> [EXTRACTED RECORDS]
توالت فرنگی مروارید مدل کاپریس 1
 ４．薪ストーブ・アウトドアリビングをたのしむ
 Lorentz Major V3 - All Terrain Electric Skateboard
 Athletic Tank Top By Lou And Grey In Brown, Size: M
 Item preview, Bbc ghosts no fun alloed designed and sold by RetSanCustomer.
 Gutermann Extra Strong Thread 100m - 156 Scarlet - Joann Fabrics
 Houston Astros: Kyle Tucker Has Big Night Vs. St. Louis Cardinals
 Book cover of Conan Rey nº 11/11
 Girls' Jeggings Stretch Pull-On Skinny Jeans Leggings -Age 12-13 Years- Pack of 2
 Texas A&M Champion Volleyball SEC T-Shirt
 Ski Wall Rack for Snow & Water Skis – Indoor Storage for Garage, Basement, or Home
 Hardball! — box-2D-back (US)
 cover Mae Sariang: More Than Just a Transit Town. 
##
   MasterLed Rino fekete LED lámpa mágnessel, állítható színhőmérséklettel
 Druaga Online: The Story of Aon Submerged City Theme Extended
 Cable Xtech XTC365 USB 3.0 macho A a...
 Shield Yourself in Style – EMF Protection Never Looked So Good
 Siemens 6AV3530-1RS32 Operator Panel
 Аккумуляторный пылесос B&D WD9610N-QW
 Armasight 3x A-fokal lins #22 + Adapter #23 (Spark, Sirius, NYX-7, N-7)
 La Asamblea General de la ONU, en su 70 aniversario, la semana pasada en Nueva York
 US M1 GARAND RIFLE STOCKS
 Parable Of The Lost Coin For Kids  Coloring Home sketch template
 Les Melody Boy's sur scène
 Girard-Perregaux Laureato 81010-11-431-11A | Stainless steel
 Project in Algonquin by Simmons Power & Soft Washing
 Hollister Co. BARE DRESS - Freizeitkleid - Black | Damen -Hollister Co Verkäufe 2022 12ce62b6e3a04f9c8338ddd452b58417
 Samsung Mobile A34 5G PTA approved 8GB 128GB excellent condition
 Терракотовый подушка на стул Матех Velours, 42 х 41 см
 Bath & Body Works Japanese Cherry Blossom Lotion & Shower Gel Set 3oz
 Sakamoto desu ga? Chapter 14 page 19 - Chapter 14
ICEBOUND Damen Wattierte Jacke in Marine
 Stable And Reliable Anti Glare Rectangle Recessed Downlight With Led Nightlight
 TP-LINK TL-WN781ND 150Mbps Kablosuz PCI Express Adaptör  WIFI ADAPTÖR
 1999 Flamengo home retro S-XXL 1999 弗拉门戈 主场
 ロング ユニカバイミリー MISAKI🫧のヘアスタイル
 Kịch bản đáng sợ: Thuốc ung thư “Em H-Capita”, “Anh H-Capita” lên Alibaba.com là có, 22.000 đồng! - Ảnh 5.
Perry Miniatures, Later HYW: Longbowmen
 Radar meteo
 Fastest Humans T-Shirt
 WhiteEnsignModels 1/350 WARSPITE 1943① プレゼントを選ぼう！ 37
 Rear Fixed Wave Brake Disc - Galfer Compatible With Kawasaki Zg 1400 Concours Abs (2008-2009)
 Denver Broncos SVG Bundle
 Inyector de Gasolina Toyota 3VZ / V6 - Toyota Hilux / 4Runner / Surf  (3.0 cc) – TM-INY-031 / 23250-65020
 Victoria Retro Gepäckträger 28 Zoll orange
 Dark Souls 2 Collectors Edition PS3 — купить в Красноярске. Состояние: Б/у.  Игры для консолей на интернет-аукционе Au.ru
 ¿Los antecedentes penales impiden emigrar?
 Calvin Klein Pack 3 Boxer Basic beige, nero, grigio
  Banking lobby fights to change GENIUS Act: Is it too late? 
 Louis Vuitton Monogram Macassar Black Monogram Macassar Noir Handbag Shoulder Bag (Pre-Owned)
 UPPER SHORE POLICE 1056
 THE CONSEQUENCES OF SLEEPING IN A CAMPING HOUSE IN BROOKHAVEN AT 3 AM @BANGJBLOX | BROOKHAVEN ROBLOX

> [HOW TO COMPLETE THIS TASK] For this exercise, gather every line of the data that contains the word "Pack".

> [SOLUTION TO THE EXERCISE]
 Girls' Jeggings Stretch Pull-On Skinny Jeans Leggings -Age 12-13 Years- Pack of 2
 Calvin Klein Pack 3 Boxer Basic beige, nero, grigio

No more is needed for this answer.